§ Task objective
Set down each line of the data exactly, but not the pictures.

§ Data provided
- - -

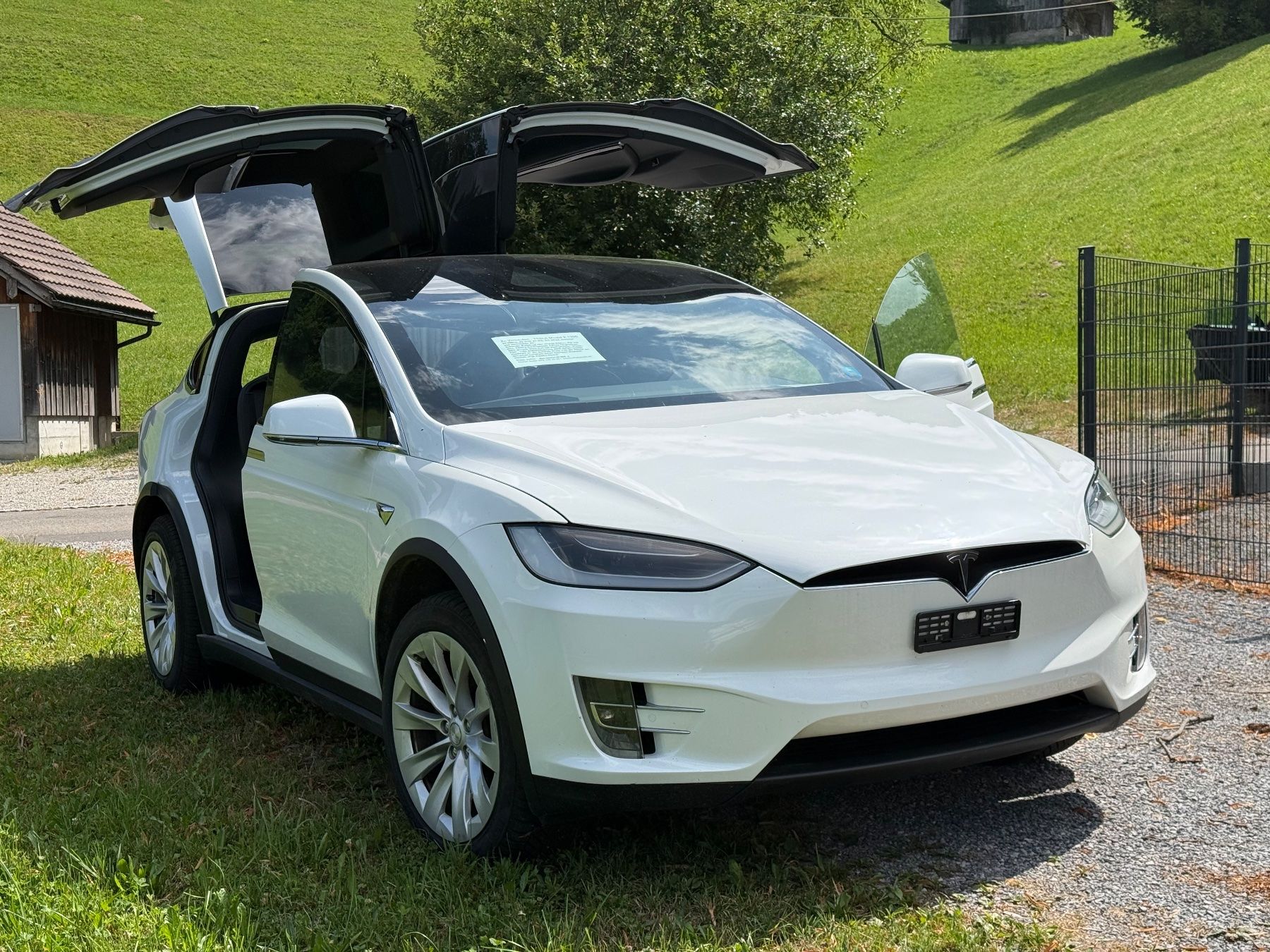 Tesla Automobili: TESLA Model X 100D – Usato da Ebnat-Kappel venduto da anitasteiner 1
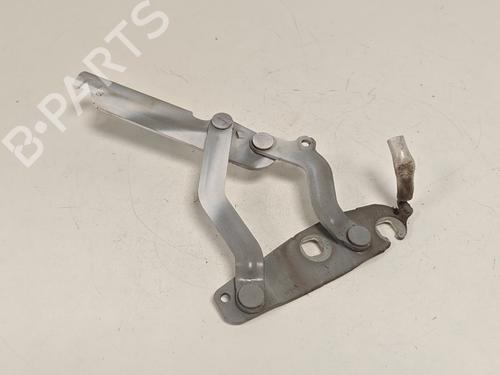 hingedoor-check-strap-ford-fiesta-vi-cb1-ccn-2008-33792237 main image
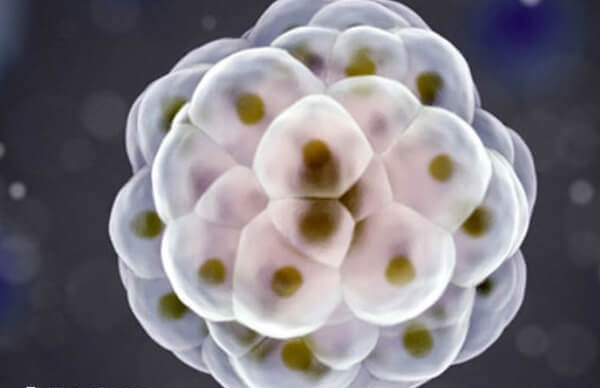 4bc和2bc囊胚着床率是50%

- - -

§ Answer box
 Tesla Automobili: TESLA Model X 100D – Usato da Ebnat-Kappel venduto da anitasteiner 1
 hingedoor-check-strap-ford-fiesta-vi-cb1-ccn-2008-33792237 main image
 4bc和2bc囊胚着床率是50%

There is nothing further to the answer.